Chapter 33 #2
The voyage to the continent passed with little else to note. My men shifted and paced, nerves running thin. The Draconis crew did what they could to ease their anxiety. Nereus offered reassurances, claiming no monsters lurked the forests. Any deaths came only from natural causes.
By the next morning, land rose on the horizon. Hills thick with trees stretched toward the sky, but along the shoreline, the forest had been pared back. Stumps dotted the sand, and felled trunks lay in neat rows. Several ships waited at makeshift docks carved into the shore.
As we disembarked, a man approached—leathery skin browned by sun, face wrinkled like dried fruit. A wide-brimmed hat flopped over his brow, matched by his baggy clothes that hung loose on a wiry frame.
“King Nereus!” he shouted, voice booming across the waves. “Good to have you!” He pulled the man into a back-slapping hug. His clouded gaze caught on Nienna and me, and he paused.

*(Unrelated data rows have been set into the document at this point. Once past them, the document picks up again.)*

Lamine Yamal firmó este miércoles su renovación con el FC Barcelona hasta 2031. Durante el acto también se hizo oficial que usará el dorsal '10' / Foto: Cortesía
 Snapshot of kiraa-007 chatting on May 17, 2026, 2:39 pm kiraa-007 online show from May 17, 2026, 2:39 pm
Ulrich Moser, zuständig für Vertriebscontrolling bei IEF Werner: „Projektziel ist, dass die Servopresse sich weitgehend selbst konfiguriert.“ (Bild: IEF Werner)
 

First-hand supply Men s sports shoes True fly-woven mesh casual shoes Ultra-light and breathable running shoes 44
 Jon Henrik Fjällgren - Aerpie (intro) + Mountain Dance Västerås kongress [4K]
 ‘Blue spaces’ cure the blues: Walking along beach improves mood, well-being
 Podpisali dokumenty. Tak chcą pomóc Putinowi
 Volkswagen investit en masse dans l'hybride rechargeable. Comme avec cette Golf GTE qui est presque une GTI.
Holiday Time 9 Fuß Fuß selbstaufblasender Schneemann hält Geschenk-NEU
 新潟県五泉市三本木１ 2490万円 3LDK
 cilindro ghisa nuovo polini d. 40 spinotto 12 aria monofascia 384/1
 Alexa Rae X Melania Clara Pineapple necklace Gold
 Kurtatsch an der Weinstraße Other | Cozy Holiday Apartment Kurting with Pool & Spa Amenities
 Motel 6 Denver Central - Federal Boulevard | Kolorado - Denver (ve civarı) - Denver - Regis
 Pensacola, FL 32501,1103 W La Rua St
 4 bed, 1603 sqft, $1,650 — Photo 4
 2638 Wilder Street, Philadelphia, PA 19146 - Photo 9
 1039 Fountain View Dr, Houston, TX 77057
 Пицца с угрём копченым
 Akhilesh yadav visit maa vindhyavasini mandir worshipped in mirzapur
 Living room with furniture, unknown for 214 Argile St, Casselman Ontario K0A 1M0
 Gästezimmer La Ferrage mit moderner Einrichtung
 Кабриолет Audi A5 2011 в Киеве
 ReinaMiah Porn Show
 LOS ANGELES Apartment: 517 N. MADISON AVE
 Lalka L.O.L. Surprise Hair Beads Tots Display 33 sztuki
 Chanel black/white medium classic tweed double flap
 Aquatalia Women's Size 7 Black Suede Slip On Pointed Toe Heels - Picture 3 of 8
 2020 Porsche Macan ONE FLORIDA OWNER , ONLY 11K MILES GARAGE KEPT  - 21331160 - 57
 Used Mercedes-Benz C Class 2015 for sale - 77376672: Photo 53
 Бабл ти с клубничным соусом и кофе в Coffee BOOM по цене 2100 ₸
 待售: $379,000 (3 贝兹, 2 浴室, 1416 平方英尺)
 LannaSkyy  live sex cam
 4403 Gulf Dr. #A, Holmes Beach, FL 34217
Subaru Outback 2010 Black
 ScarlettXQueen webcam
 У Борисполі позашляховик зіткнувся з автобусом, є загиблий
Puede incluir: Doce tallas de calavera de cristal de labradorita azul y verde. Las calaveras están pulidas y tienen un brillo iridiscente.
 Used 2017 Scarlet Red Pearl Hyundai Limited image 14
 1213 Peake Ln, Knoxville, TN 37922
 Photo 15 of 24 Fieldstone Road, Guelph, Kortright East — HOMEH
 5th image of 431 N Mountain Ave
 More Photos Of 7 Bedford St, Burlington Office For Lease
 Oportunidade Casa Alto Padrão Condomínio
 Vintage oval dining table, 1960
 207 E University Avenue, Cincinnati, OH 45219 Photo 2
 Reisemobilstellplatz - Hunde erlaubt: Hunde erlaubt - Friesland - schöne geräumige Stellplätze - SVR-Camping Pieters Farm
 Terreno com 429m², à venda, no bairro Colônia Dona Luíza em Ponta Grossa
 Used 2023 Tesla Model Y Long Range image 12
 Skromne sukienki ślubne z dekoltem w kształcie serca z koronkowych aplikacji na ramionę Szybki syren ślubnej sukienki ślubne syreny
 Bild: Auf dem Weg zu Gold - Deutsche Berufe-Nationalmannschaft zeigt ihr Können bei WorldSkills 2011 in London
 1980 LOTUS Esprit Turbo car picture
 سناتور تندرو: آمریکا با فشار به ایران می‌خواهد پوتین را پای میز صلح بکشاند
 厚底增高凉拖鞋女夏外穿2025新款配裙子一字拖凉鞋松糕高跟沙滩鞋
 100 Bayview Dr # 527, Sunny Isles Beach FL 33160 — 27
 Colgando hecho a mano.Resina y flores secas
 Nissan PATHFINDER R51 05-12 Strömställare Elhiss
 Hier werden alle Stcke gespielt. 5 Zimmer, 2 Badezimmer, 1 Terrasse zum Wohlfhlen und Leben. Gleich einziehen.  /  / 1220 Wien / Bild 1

Nereus gestured between us with a flick of his hand. “Barchalk—my daughter, Nienna. And her husband, King Kallias Sunspear of Radaan.”
He recoiled, eyes wide, jaw slack. “She married the king? I heard about the–” He clamped his mouth shut as I lifted my chin, stiffening. “There were whispers of news… but not that she married. Beg your pardon, Your Majesty.” He bowed deep, snatching his hat from his head.
“Well met, Master Barchalk,” Nienna said, gaze drifting to the busy shore.
“We’ve come to offer aid,” I added, drawing the man’s confused stare back to me.
Nereus slung an arm over his shoulder, guiding him toward the sand. “They’ll be with us a few weeks yet. Might as well put the foresters to work.”
They weren’t forest men. Plainsmen. Sailors. Used to wind-bent trees and open fields—not the dense thickets of western Radaan. Still, I let the Dragon King’s words pass without correction.
Nienna slipped her hand through my arm as we stepped from the gangplank. Greaves followed close, face pallid, desperate for solid earth under his boots. The thud of our steps vanished beneath the clamor of saws and shouted orders.
Men hauled timber, stripped bark, sawed lengths into beams. Lumber flowed in a steady rhythm from the forest to the ships. I frowned at the camp. No buildings, only canvas tents. No roots in the land. As though they could vanish by dawn.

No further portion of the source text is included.